PROBLEM TO SOLVE - In the entries that follow, repeat exactly the lines from the one that has "Croatia, Middle Dalmatia, Kaštel" through the one that has "ARKK Copenhagen - Main", but omit pictures.

(DATA RECORDS Opens)

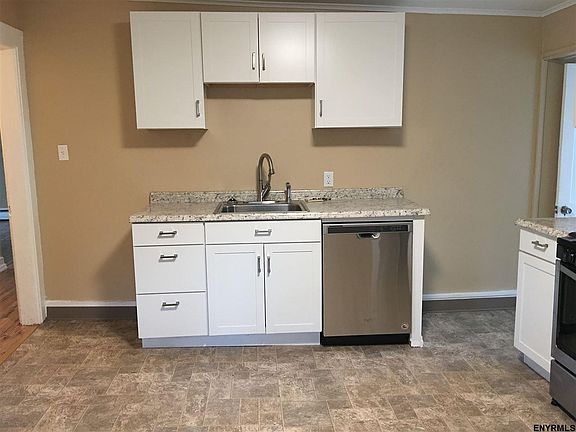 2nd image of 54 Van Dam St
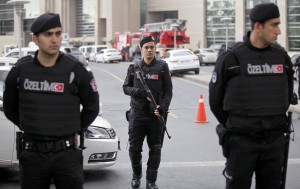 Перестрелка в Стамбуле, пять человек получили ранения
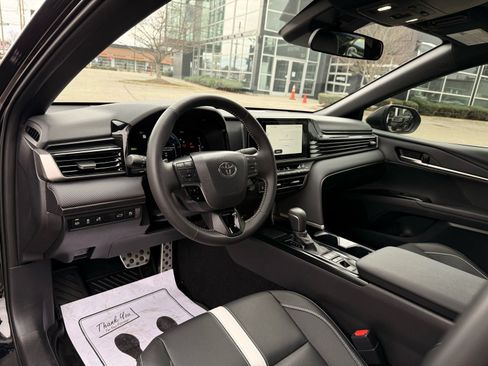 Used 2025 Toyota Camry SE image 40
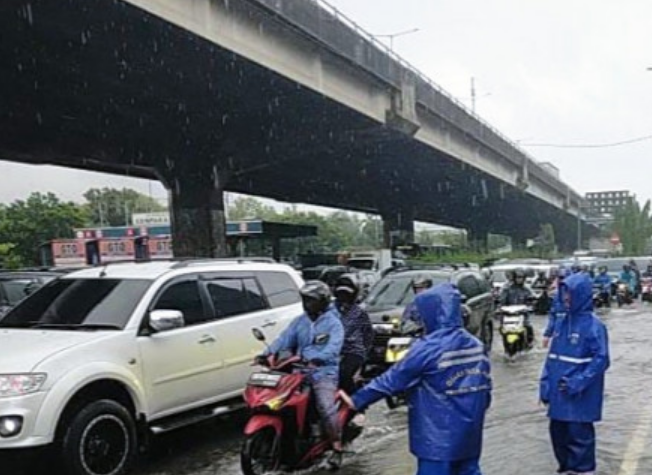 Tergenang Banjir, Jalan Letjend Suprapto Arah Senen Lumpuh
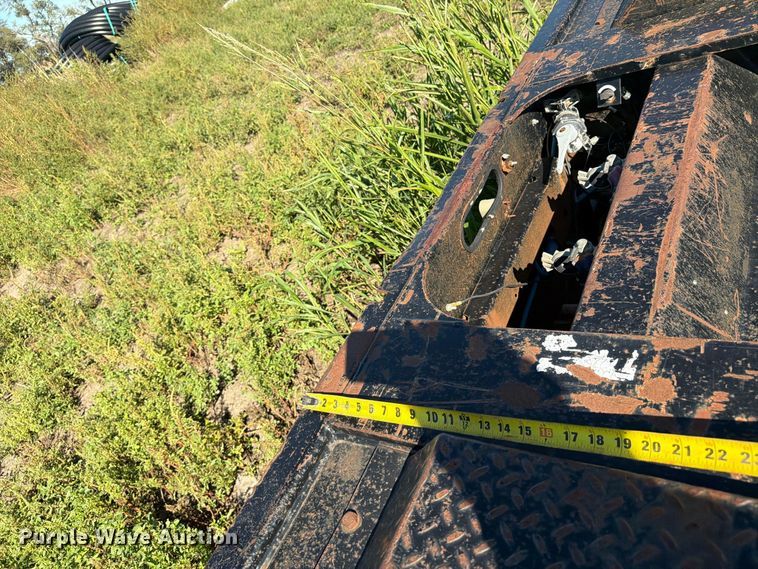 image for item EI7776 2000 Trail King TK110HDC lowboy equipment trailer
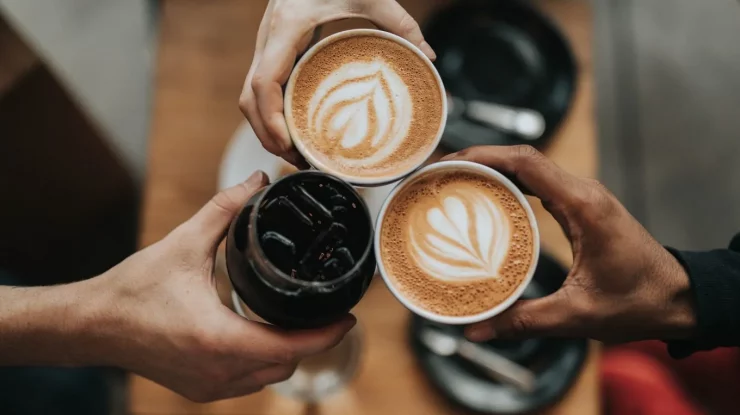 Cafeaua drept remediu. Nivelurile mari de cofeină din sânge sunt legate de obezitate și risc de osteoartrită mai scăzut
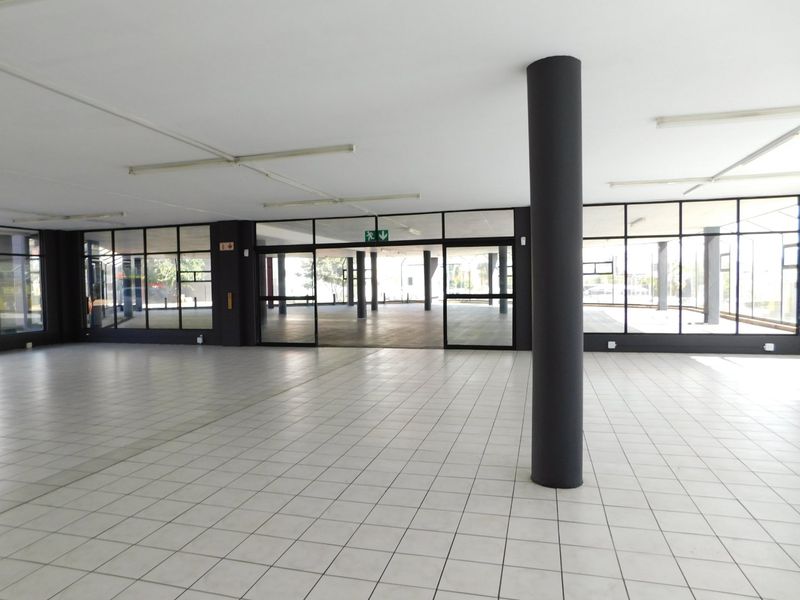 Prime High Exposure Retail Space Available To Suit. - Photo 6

(DATA RECORDS Closes)
(DATA RECORDS Opens)

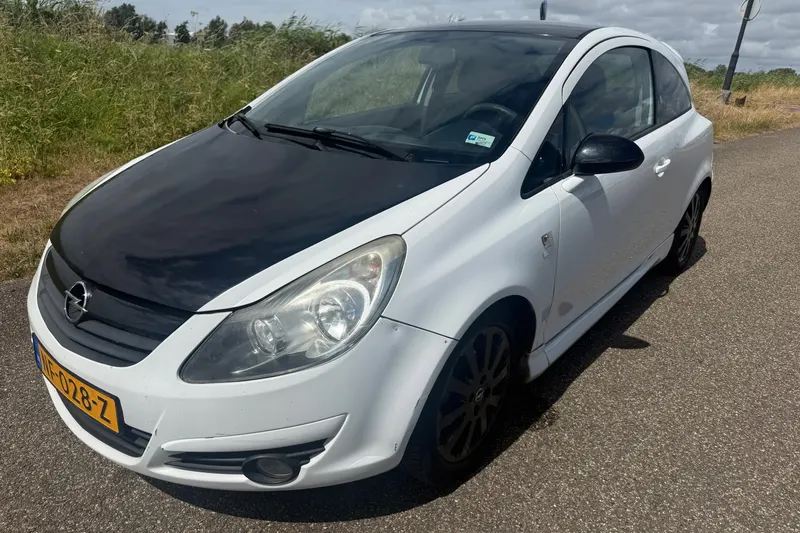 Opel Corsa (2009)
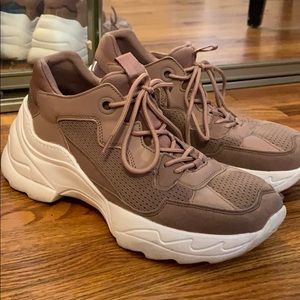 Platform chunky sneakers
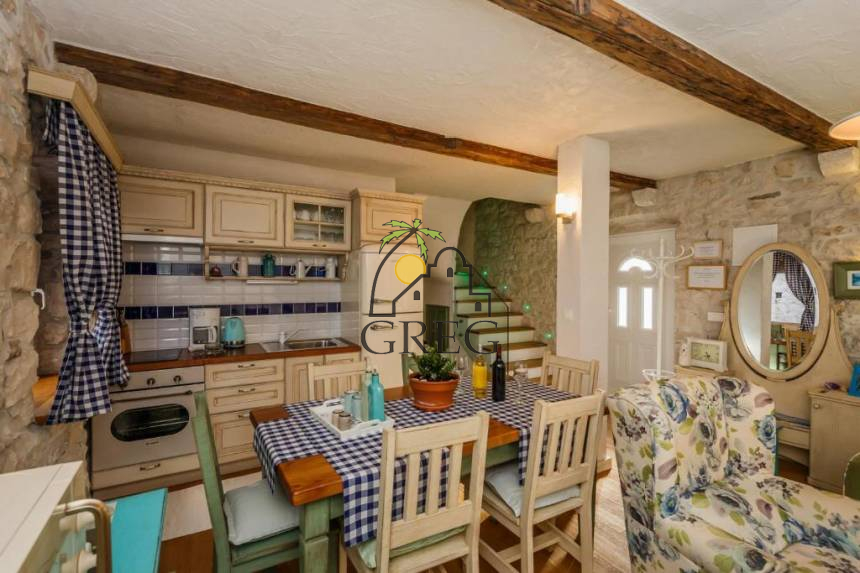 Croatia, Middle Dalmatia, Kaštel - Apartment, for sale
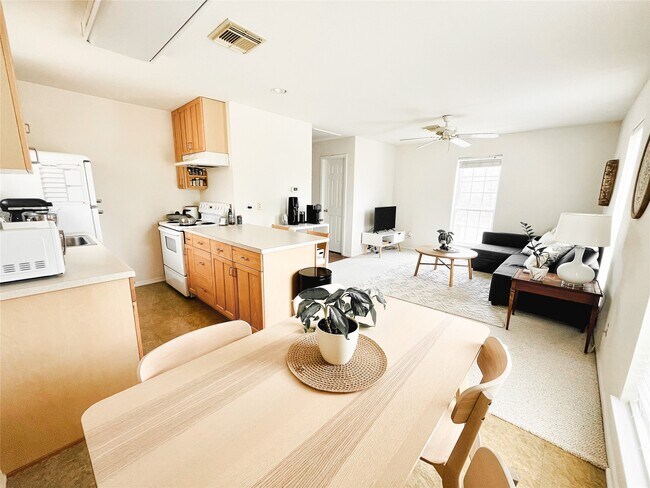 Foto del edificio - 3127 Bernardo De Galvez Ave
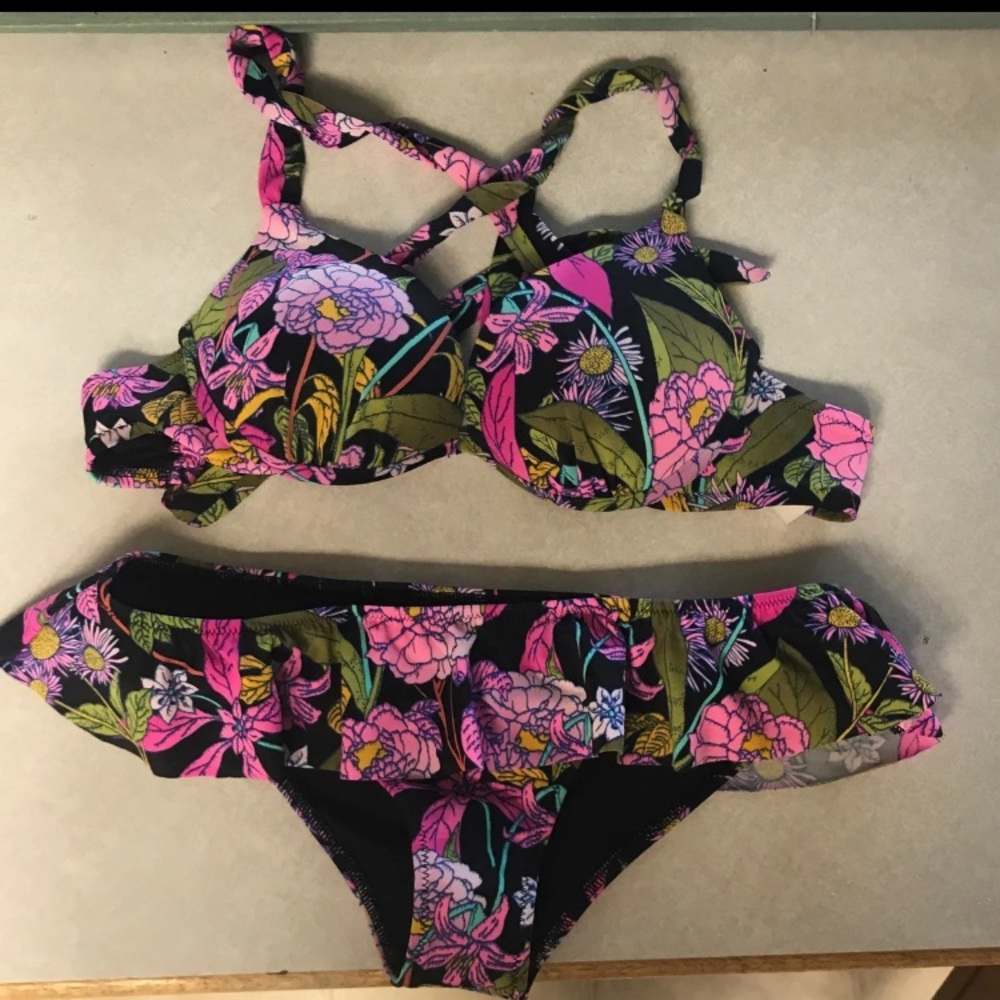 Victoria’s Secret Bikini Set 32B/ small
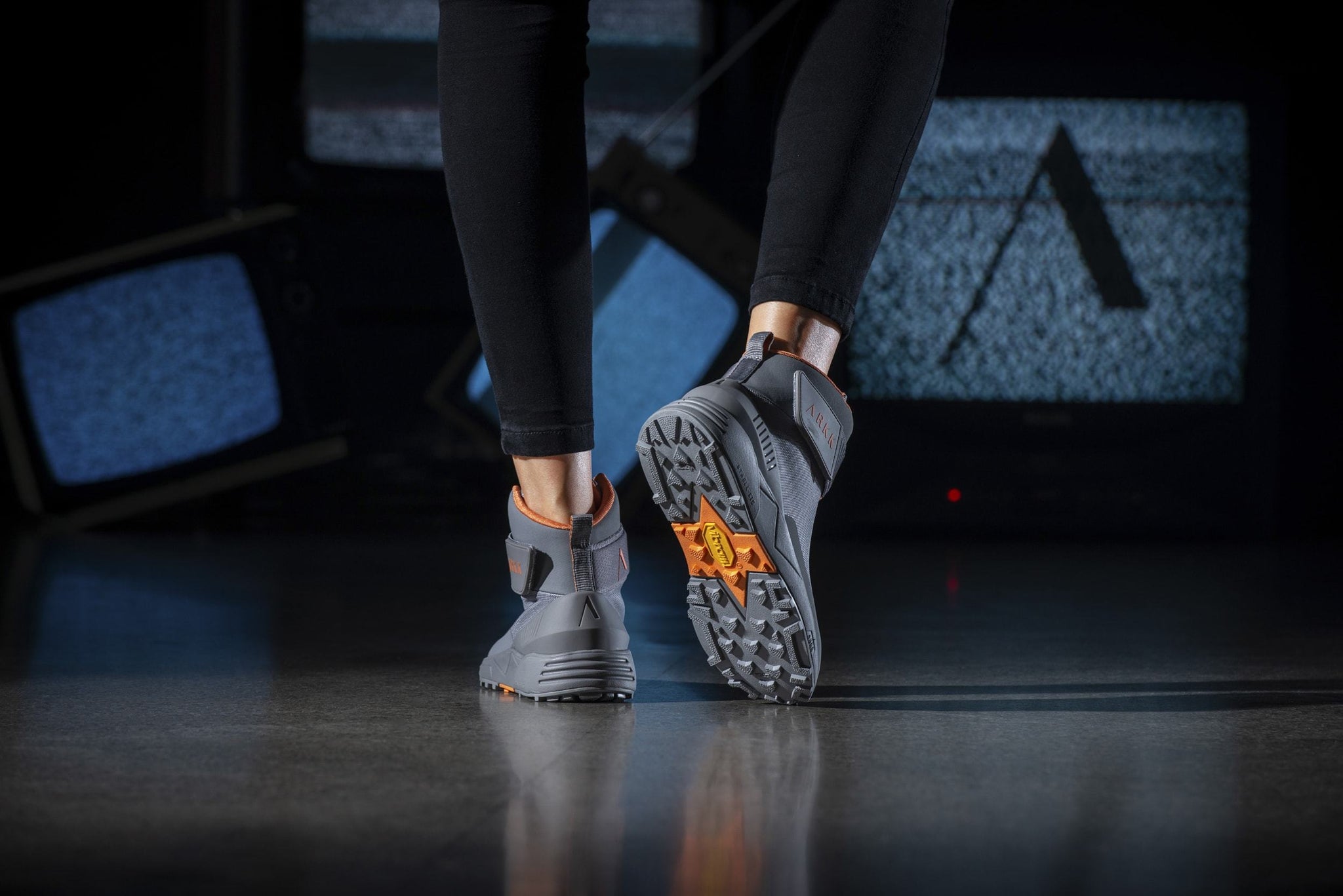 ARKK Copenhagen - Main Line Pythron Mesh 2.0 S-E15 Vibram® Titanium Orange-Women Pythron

(DATA RECORDS Closes)
(DATA RECORDS Opens)

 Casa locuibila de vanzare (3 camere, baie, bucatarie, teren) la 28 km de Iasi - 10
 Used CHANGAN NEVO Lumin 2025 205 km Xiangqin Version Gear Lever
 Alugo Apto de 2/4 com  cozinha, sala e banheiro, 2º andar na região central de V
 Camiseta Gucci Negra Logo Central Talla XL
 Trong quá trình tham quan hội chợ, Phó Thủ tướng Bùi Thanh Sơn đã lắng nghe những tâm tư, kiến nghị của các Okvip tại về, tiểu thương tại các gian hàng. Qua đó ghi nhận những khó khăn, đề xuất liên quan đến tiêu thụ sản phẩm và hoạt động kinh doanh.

(DATA RECORDS Closes)

SOLUTION -
 Croatia, Middle Dalmatia, Kaštel - Apartment, for sale
 Foto del edificio - 3127 Bernardo De Galvez Ave
 Victoria’s Secret Bikini Set 32B/ small
 ARKK Copenhagen - Main Line Pythron Mesh 2.0 S-E15 Vibram® Titanium Orange-Women Pythron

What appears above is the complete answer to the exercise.